Bug #18505 Replication slave crashes with signal 11 using subqueries
Submitted: 25 Mar 2006 1:40 Modified: 28 Apr 2006 11:04
Reporter: Brian Wright Email Updates:
Status: No Feedback Impact on me:
None 
Category:MySQL Server: Replication Severity:S2 (Serious)
Version:4.1.12 OS:Linux (Mandrakelinux release 10.1)
Assigned to: CPU Architecture:Any

[25 Mar 2006 1:40] Brian Wright
Description:
Here is everything from the binlog that leads up to the crash:

#060324 12:28:24 server id 1  log_pos 1046500738        Query   thread_id=246912723     exec_time=0     error_code=0
use database;
SET TIMESTAMP=1143232104;
SET ONE_SHOT CHARACTER_SET_CLIENT=33,COLLATION_CONNECTION=33,COLLATION_DATABASE=8,COLLATION_SERVER=8;
# at 1046500975
#060324 12:28:24 server id 1  log_pos 1046500887        Query   thread_id=246912723     exec_time=0     error_code=0
SET TIMESTAMP=1143232104;
update jr_00100713 j,
(select _receiver_email
from (
select count(_roster_ordinal) as c,
_receiver_email
from jr_00100713 jr
group by _receiver_email
) s1
where s1.c>1) s2
set j._email_status="Duplicate"
where j._receiver_email=s2._receiver_email;

I believe this query above is what causes it to spin out of control.  I didn't write this query and, thus, don't really know if it's appropriately written.
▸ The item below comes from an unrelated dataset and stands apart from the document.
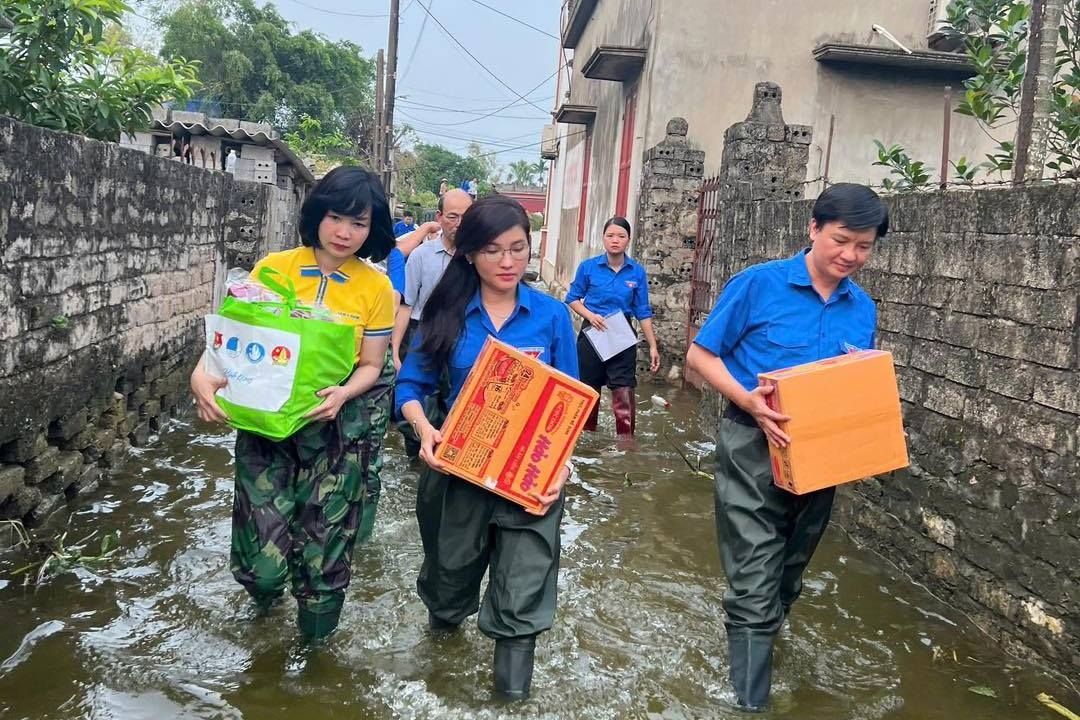 Lực lượng thanh niên tiếp tế cho người dân bị lũ lụt.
Signal 11 (seg violation) usually indicates a buffer overflow error.  But, that query isn't overly long (in length). It doesn't crash the master when run and it only crashes the slave by reading over the network from the binlog.

See the stack dump below:

> resolve_stack_dump -s /tmp/mysqld.sym -n mysqld.stack
0x8132ad0 handle_segfault + 592
0xffffe420 _end + -138829652
(nil)
0x81f5eb4 _ZN18st_select_lex_unit7prepareEP3THDP13select_resultmPKc + 1636
0x81f7a50 _Z20mysql_handle_derivedP6st_lex + 208
0x818bf08 _Z23mysql_multi_update_lockP3THDP13st_table_listP4ListI4ItemEP13st_select_lex + 216
0x8146c98 _Z21mysql_execute_commandP3THD + 1400
0x814e331 _Z11mysql_parseP3THDPcj + 305
0x81968d9 _ZN15Query_log_event10exec_eventEP17st_relay_log_info + 649
0x81f240f handle_slave_sql + 1375
0x4004eb3c _end + 935241672
0x4025b93a _end + 937391558

Every time I restart the replicator, it crashes at the same exact place in the binlog.  So, I suspect this query because it's the first query that appears from the start-position set in the relay-log.info and master.info and it crashes almost immediately after running this query.

How to repeat:
I can give you the relevant portions of the replication binlog, master.info and relay-log.info to test against... or possibly, you can create the same query in a master/slave environment and see if the slave dies after the query is sent via replication.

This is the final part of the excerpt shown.